All series in a line chart are forced to use the same X values. In the pairs of charts below, each chart has plotted two sets of data.
The charts below have two sets of data with categorical X values. When the second series of the line chart is selected, although the second X data range was used to add the series, the original X data range is highlighted.
When the second series of the scatter chart is selected, the new X data range is highlighted. Since both set of labels are plotted using counting numbers, the chart uses the same counting numbers to plot both sets of data.
The charts below have two sets of data with numeric X values. The line chart uses the first set of X values to label the X axis, and plots both sets of data against these same labels. The scatter chart plots each set of data independently, using its own distinct X values.
The charts below have two sets of data with dates for X values. The line chart uses the first set of dates to label the X axis, and plots both sets of data against these same dates. The scatter chart plots each set of data independently, using its own distinct dates.
Combination Charts
A combination that uses a column chart (with gap width of zero) or area chart for Budget and a line chart for Actual works well.
Pie Charts
Try to use bar charts instead of pies.
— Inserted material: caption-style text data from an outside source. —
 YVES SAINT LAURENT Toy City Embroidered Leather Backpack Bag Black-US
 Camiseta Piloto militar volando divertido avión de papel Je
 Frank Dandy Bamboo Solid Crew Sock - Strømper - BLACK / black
Don’t make people try to compare multiple pie charts.
The bar has several benefits. First, the relative sizes of the bars are easier to judge than the relative sizes of the pie wedges. Second, the bar chart takes up less area without giving up detail.
If you have to use a pie chart (and you probably don’t have to), use data labels with category name (and values if desired) in place of the legend, and try to fit the labels within the wedges. If there are too many labels and they don’t all fit well, then there are too many wedges, and you should switch to a bar chart. Always sort pie wedges in decreasing order of size.
Don’t Use Radar Charts
Radar charts look like a great idea, but cognitively they don’t work as well as expected. Even if your data is cyclic, a radar chart isn’t a very good way to display it. Use a line chart.
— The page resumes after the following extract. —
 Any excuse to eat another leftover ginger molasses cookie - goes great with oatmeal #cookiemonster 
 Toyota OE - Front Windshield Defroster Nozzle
People like to use radar charts to compare data, for example, customer ratings of different features in a product. Below are a radar plot and a line chart showing fictitious customer approval ratings of features A through F in a product. The thought is that readers can judge the ratings based on distance from the center of the chart. In practice this is not effective because the scales reach out in different directions, so the reader must resort to counting gridlines, which adds a significant cognitive load to reading the chart. A reader can easily compare the vertical positions of points in a line chart to compare values, without any excessive brain strain.
Another problem with radar charts is its resolution. The line chart above is substantially smaller than the radar chart, yet its vertical resolution is greater, because the line chart only needs to use the height of the axis once, while the radar chart must use it twice, once reaching up and once reaching down.
The “horizontal” (circumferential) resolution in the center of a radar chart is worse than at its edges, because the circumference of a given gridline decreases. Points are plotted more closely, and it’s harder to resolve them. This is particularly true when the radar chart displays several series. It is very difficult to see what’s going onwith the data below 20% in the radar chart, but the data below 20% in the line chart is easy to resolve.
In addition, it’s easier to label the series in the line chart, while the radar chart needs to use a separate legend to identify the different series.
Some purists would not approve of using a line chart to plot categorical data, because readers may improperly interpolate between categories and extract meaningless data. If done with care, however, this is not wrong, and in fact, forms the basis of Parallel Coordinate Charts (see Sample Parallel Coordinate Chart, Interactive Parallel Coordinates Chart, and Composite Baseball Player Evaluation for examples of these).